Exercise objective:
In the records below, begin at the line that has "1455 S Hoyt" and stop after the line that has "O 5. Da Pátria"; quote those lines verbatim and nothing more.

Records:
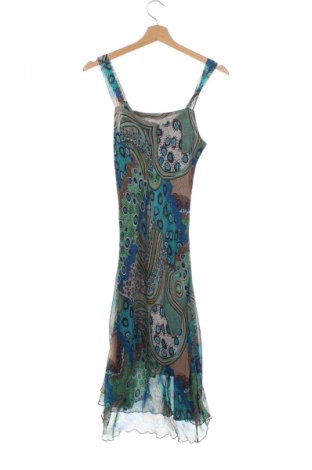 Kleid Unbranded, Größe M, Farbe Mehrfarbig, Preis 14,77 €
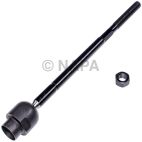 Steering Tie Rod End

--

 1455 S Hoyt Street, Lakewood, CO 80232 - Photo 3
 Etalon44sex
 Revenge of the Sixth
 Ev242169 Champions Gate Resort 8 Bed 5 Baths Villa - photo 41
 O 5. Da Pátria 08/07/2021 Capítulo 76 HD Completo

* * *

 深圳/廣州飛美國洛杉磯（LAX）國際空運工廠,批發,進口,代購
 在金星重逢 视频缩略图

Answer to this task:
 1455 S Hoyt Street, Lakewood, CO 80232 - Photo 3
 Etalon44sex
 Revenge of the Sixth
 Ev242169 Champions Gate Resort 8 Bed 5 Baths Villa - photo 41
 O 5. Da Pátria 08/07/2021 Capítulo 76 HD Completo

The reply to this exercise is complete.